PROBLEM TO WORK ON:
Reproduce the entries below exactly, but leave the pictures out.

** Opening INFORMATION GIVEN block **

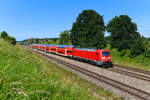Am 11. Juni 2025 konnte ich die 102 006 vor dem RE 4029 nach München HBF bei Vierkirchen im Dachauer Hinterland fotografieren. Ein vermutlich so nicht mehr machbares Bild, zumindest nicht mit dieser Lokomotive. Die 102 006 erlitt nämlich wenige Wochen später einen schweren Brandschaden im Nürnberger HBF. Nachdem die Škoda-Züge des München-Nürnberg-Express (MNE) ohnehin keine große Zukunft haben  - sollen diese doch ab Ende 2028 vollständig durch neue Fahrzeuge ersetzt werden - ist mit einer Aufarbeitung nicht zu rechnen. Der Einsatzbestand der Baureihe 102 ist somit auf vier Maschinen geschrumpft. Auch die 102 003 wurde nämlich bei einem Brand beschädigt und ist abgestellt.  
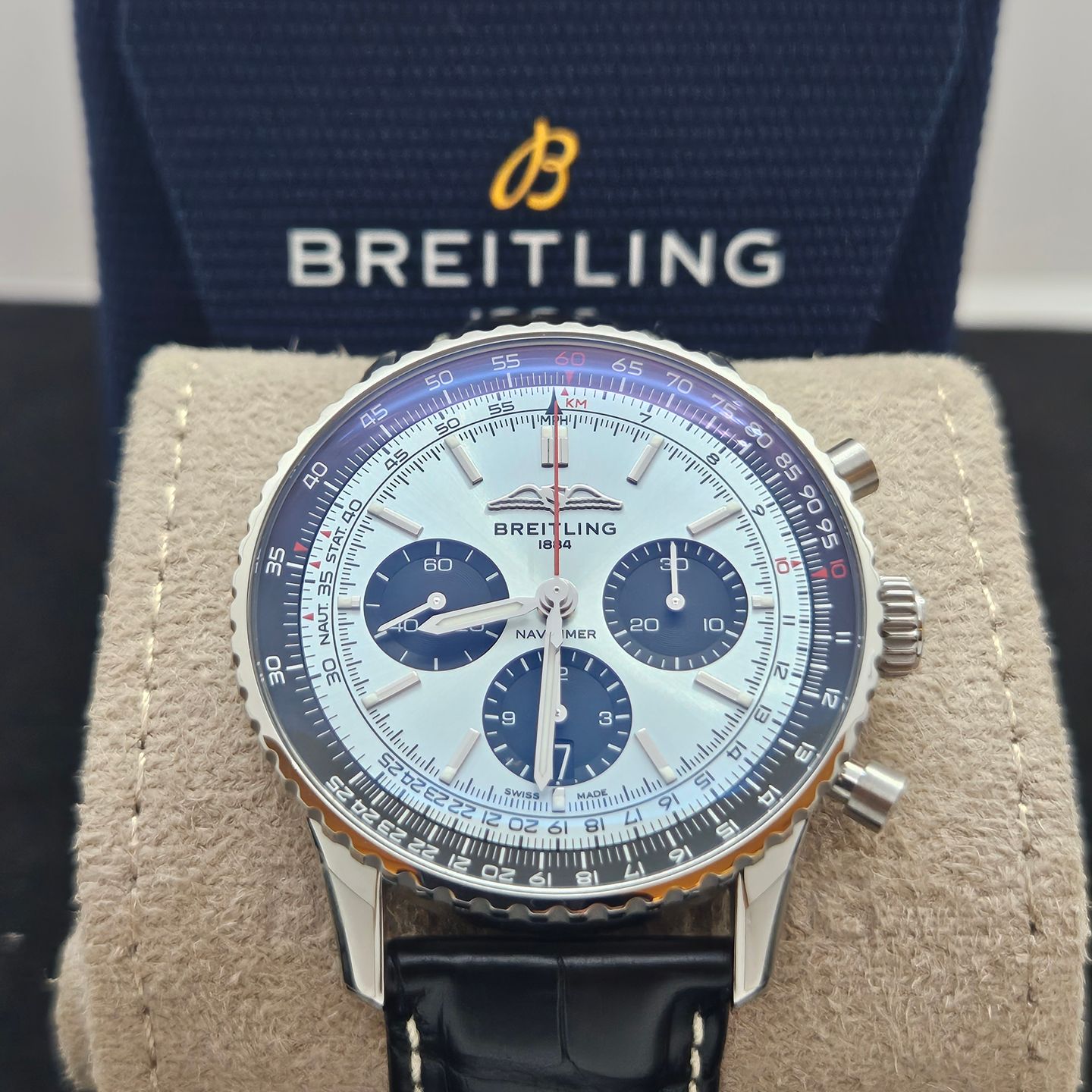 Breitling Navitimer AB0138241C1P1 (2023) - Blue dial 43 mm Steel case (1/8)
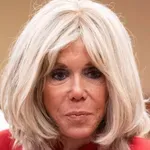 Vsi govorijo o stajlingu Brigitte Macron na Japonskem: s to modno izbiro je pritegnila vse poglede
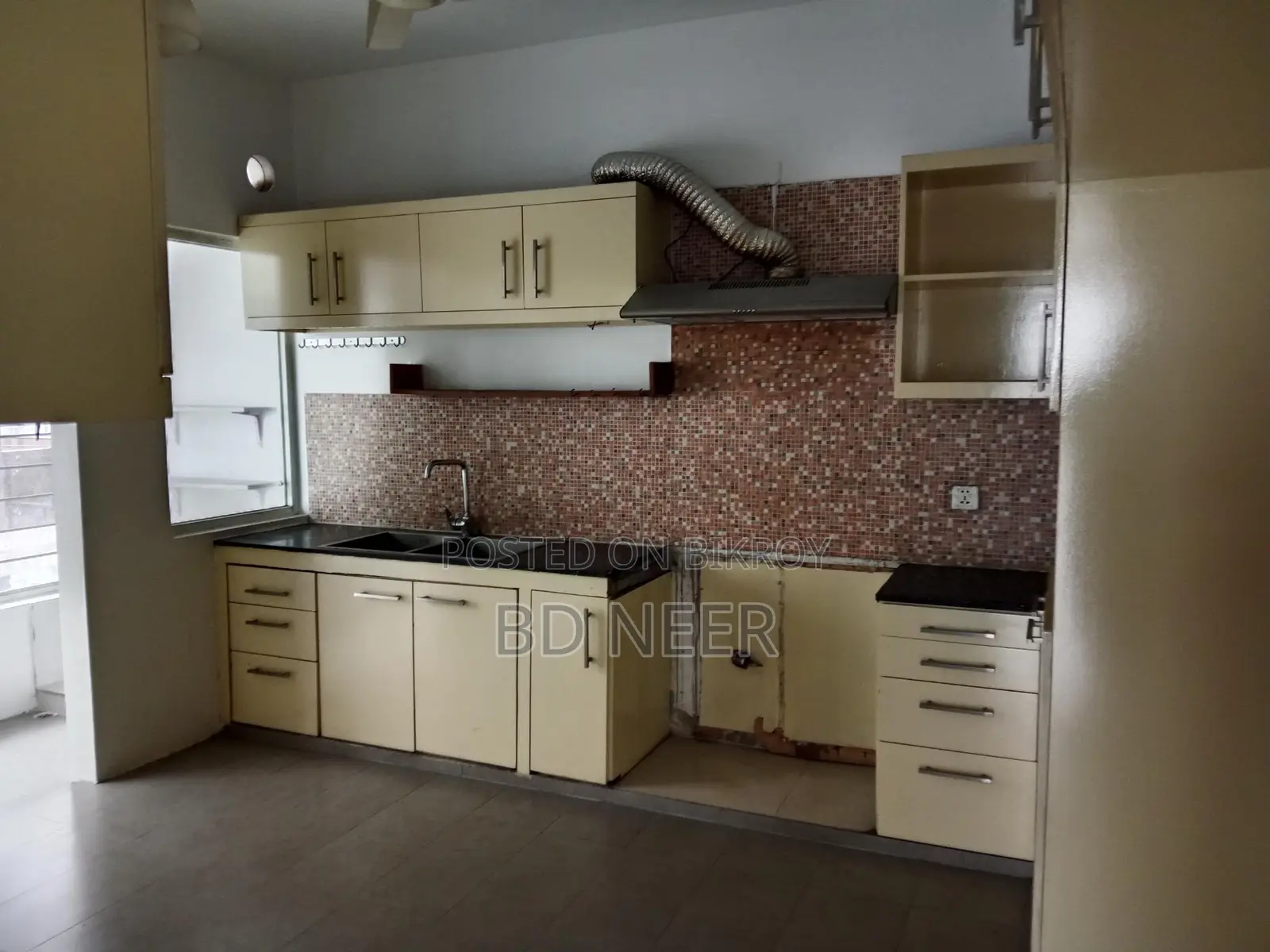 Lake view semi furnish apt available in Gulshan 2 North side in Gulshan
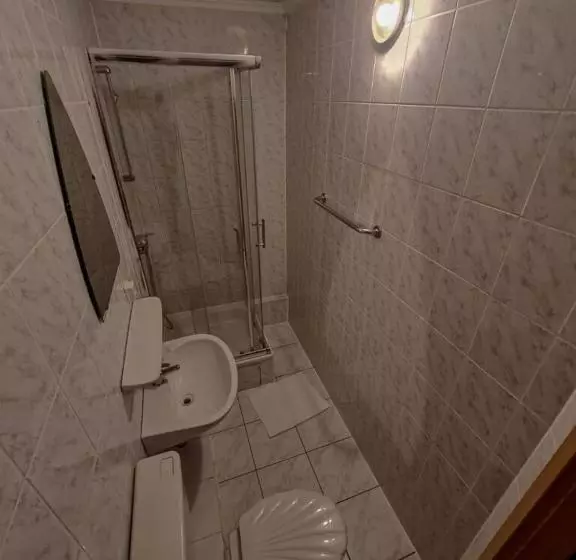 Tyros Hotel Und Gästehaus Am Weidendamm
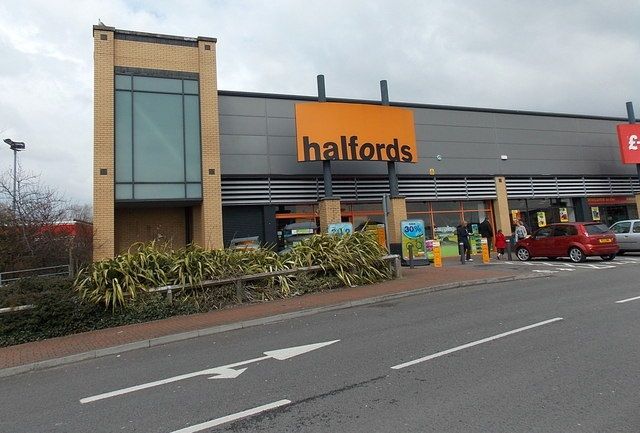 File:Halfords, Barry.jpg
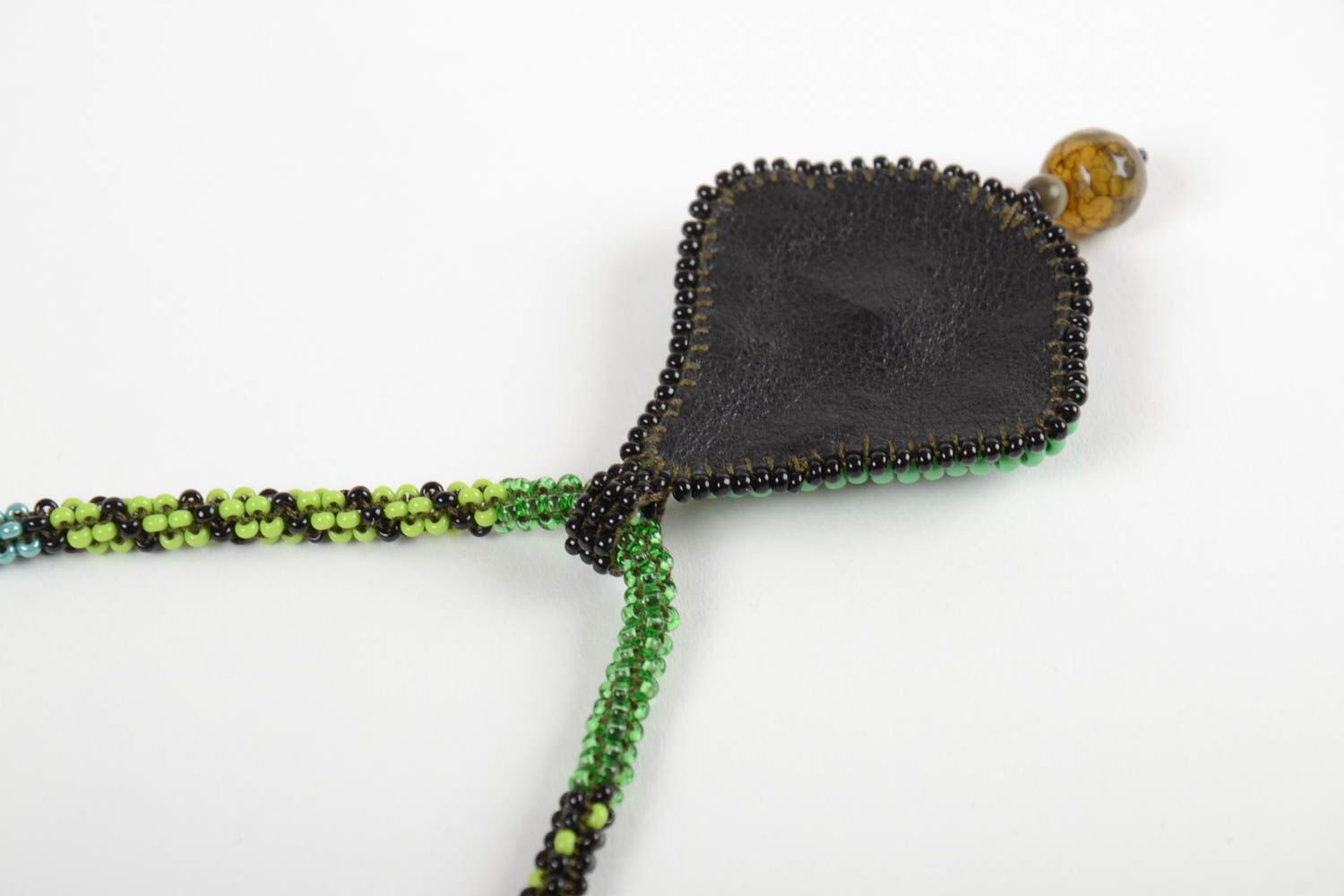 Зеленый кулон с вышивкой бисером ручной работы с бусинами из стекла и пластика фото 4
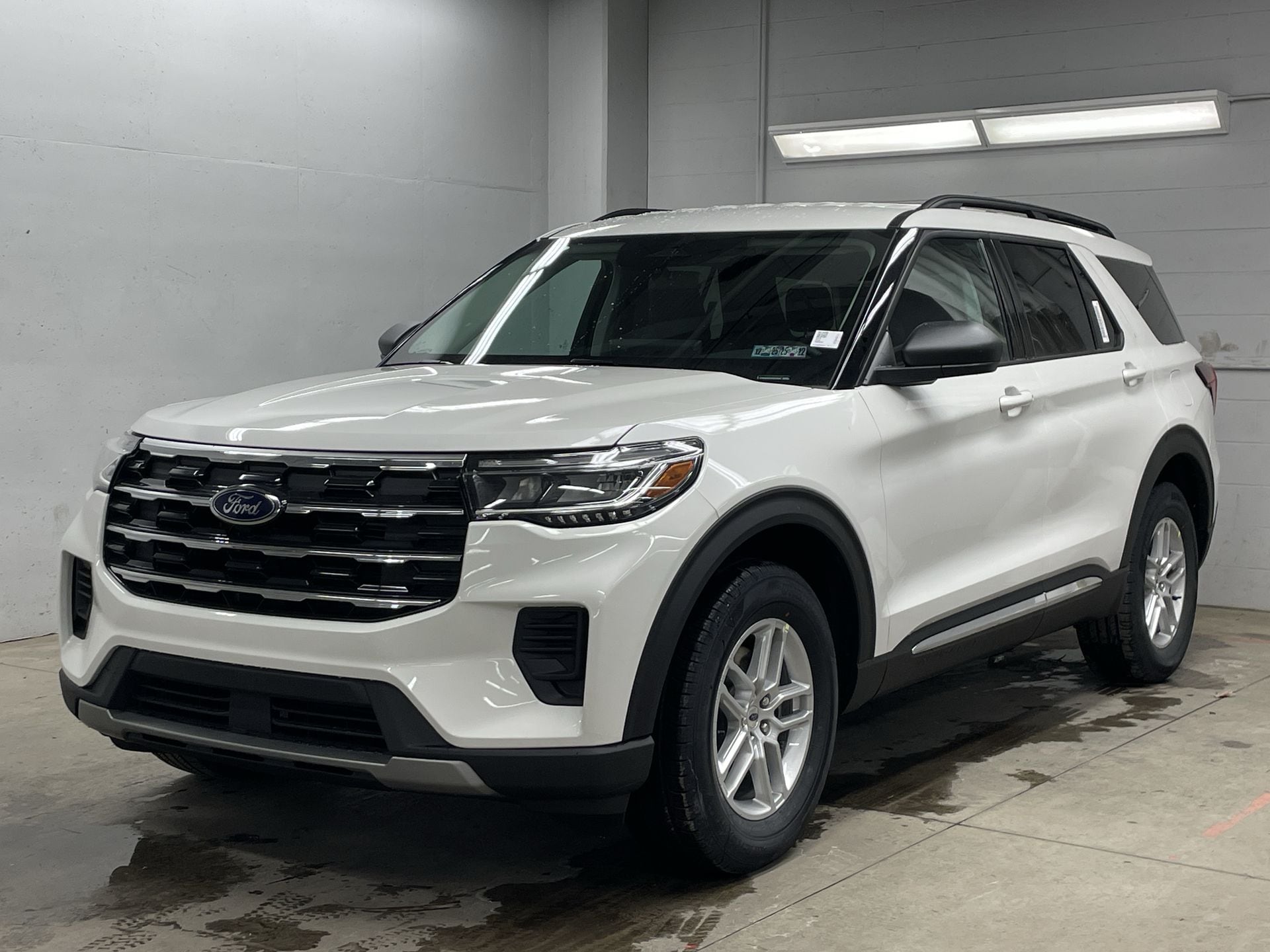2025 Ford Explorer Active -
                  Zelienople, PA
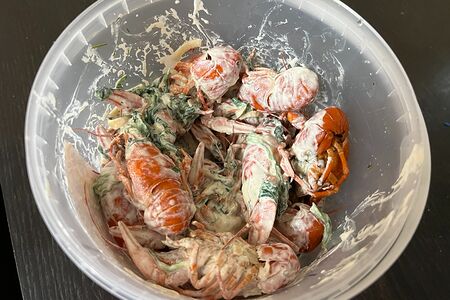 Раки в белом соусе средне-крупные 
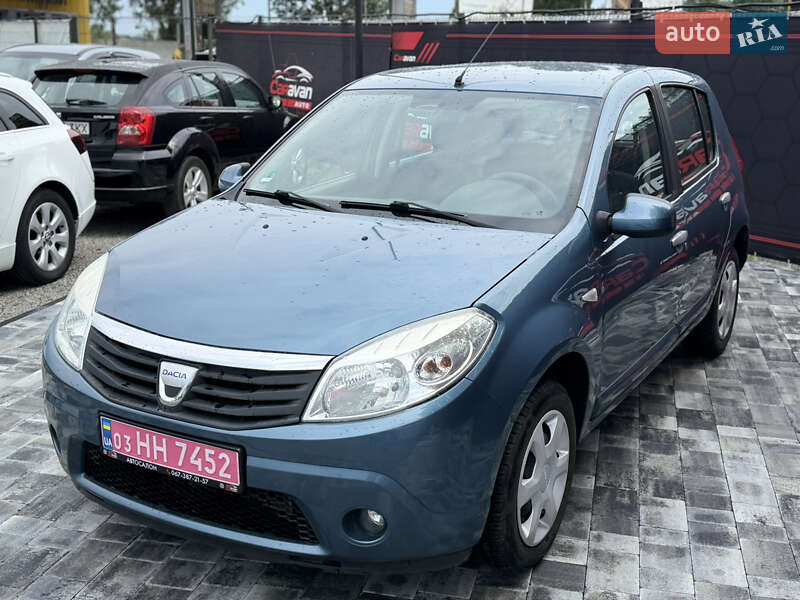 Хетчбек Dacia Sandero 2009 в Дніпрі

** Closing INFORMATION GIVEN block **

OUTPUT BELOW:
Am 11. Juni 2025 konnte ich die 102 006 vor dem RE 4029 nach München HBF bei Vierkirchen im Dachauer Hinterland fotografieren. Ein vermutlich so nicht mehr machbares Bild, zumindest nicht mit dieser Lokomotive. Die 102 006 erlitt nämlich wenige Wochen später einen schweren Brandschaden im Nürnberger HBF. Nachdem die Škoda-Züge des München-Nürnberg-Express (MNE) ohnehin keine große Zukunft haben  - sollen diese doch ab Ende 2028 vollständig durch neue Fahrzeuge ersetzt werden - ist mit einer Aufarbeitung nicht zu rechnen. Der Einsatzbestand der Baureihe 102 ist somit auf vier Maschinen geschrumpft. Auch die 102 003 wurde nämlich bei einem Brand beschädigt und ist abgestellt.  
 Breitling Navitimer AB0138241C1P1 (2023) - Blue dial 43 mm Steel case (1/8)
 Vsi govorijo o stajlingu Brigitte Macron na Japonskem: s to modno izbiro je pritegnila vse poglede
 Lake view semi furnish apt available in Gulshan 2 North side in Gulshan
 Tyros Hotel Und Gästehaus Am Weidendamm
 File:Halfords, Barry.jpg
 Зеленый кулон с вышивкой бисером ручной работы с бусинами из стекла и пластика фото 4
2025 Ford Explorer Active -
                  Zelienople, PA
 Раки в белом соусе средне-крупные 
 Хетчбек Dacia Sandero 2009 в Дніпрі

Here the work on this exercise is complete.